To compare the computational efficiency, we refer to Figure 5, which shows the time consumption using RKCDM and SDM. For VSS milling, the consumption time to achieve stability increases as RVA decreases. For small RVA, more time can be saved with RKCDM than with SDM. Hence, we conclude that the time consumption increases with the number of discrete time delays. The results of Figure 5 indicate that 54% of time consumption can be saved using RKCDM instead of SDM.

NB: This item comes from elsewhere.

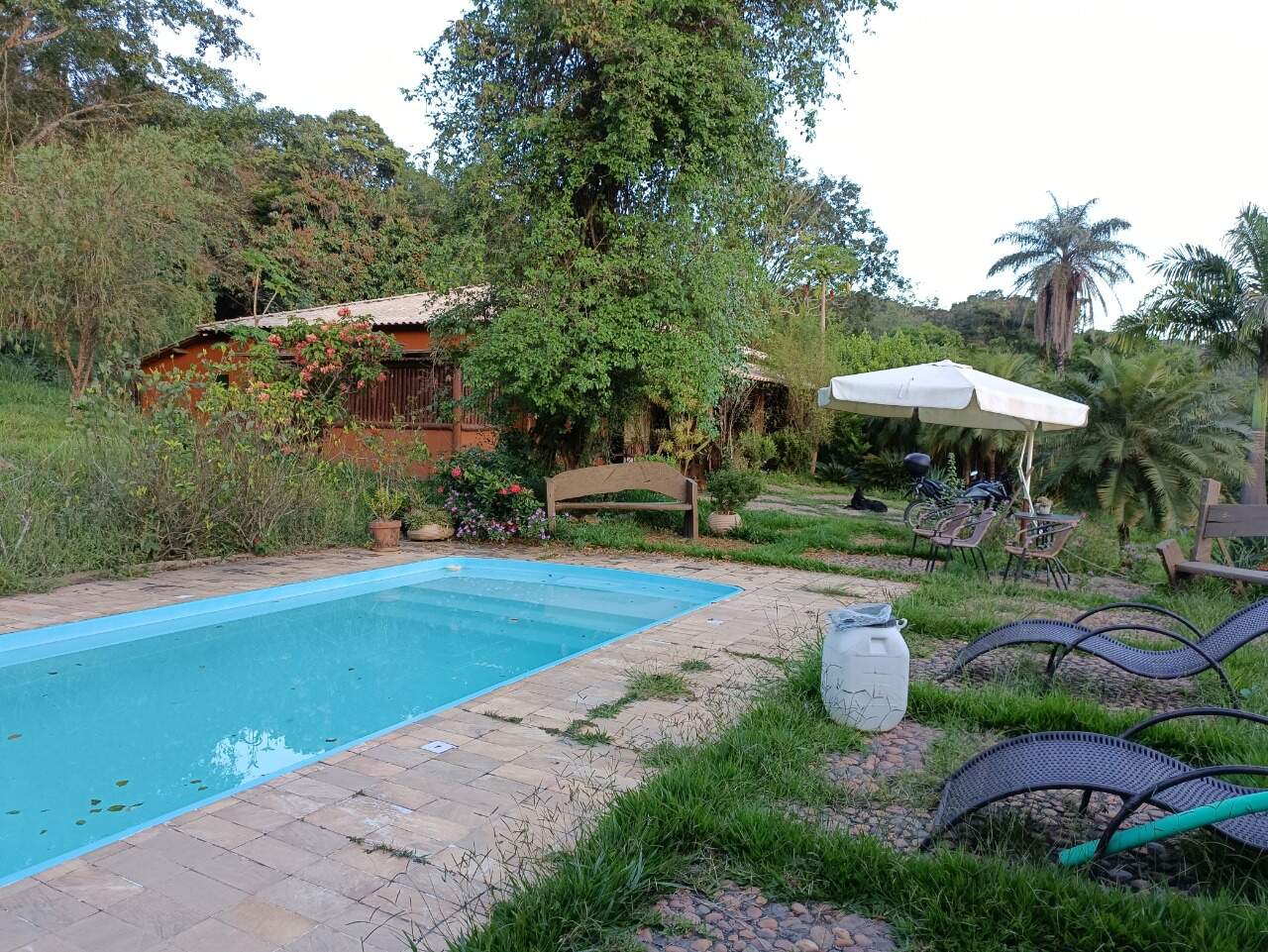 Sítio, 4 quartos, 9000 m² - Foto 19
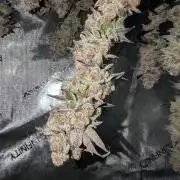 BeLeaf Mamas and Papas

4.2. Analysis of Effect of Modulation Parameters on Stability of VSS Milling

Figure 6 shows the SLD of VSS and CSS milling. Using VSS, the stability boundary obviously increases, especially at low spindle speeds. Although the depth of cut increases using VSS, the modulation also has an important effect on the stability. Taking Figure 6(a) as an example, the depth of cut around nominal spindle speed 22,000 rpm decreases abruptly. To comprehensively explore the effects of modulation parameters on the stability of milling, the relationships among depth of cut, RVA, and RVF are shown in the 3D plots of Figures 7 and 8. According to Figure 6(a), the axial depth of cut has a minimum value of 1 mm for CSS milling.

After VSS is used, the ADOC at these two nominal spindle speeds increases significantly, as illustrated in Figures 7 and 8. Figure 7 shows that the ADOC changes with the variation of sinusoidal modulation parameters RVA and RVF around a nominal spindle speed of 4,900 rpm. Obviously, when VSS is used, the lowest point is higher than that of CSS milling. From Figure 7, we know that the ADOC is more sensitive to RVA than to RVF; so, for the machinist, the selection of modulation parameters is more interesting than that of spindle speed. Taking a nominal spindle speed of 4,900 rpm as an example, with modulation parameters RVA = 0.10 and RVF = 0.17, ADOC will increase to 4.16 mm. The contour plot in Figure 7(b) shows that not only at the vicinity of point (0.10, 0.17) but also all stable ADOC limit in these two figures (Figures 7 and 8) are greater than 1 mm too. So, VSS can always increase the ADOC around the nominal spindle speed of 4,900 rpm. When RVA is in the range [0.26, 0.33], the ADOC can still achieve a local maximum. Because the selection of RVA is constrained by the driving power of the spindle speed, a low RVA is more adaptable for VSS milling.

The results at a nominal spindle speed of 22,000 rpm differ from those at 4,900 rpm. ADOC drops abruptly around a nominal spindle speed of 22,000 rpm. To explore the effects of the VSS technique on the stability of milling, we show a three-dimensional stability diagram at a nominal spindle speed of 22,000 rpm in Figure 8. With VSS, ADOC is always higher than CSS in Figure 7. However, this is different at a nominal spindle speed of 22,000 rpm, where ADOC does not always increase with VSS milling over CSS milling. Figure 6 shows that ADOC is 7.83 mm without VSS. In Figure 8, ADOC is always lower than 7.83 mm with RVA in the range [0.2, 0.3]. So, it is important to choose modulation parameters appropriately to improve stability with the VSS technique. In Figure 8, ADOC increases to a local summit with the variation of RVA and RVF, such as around RVA = 0.06 and RVF = 0.16, RVA = 0.08 and RVF = 0.13, and RVA = 0.14 and RVF = 0.15. Taking RVA = 0.06 and RVF = 0.16 as an example, the ADOC can reach 9.99 mm in this area. So, ADOC can still be increased with appropriate selection of modulation parameters.

5. Conclusion

Finally, although the optimal parameters of the VSS technique have been selected through the method proposed here, it is obvious that the parameters should be further tested, and this will be our future work.

Conflicts of Interest

The authors declare no conflicts of interest.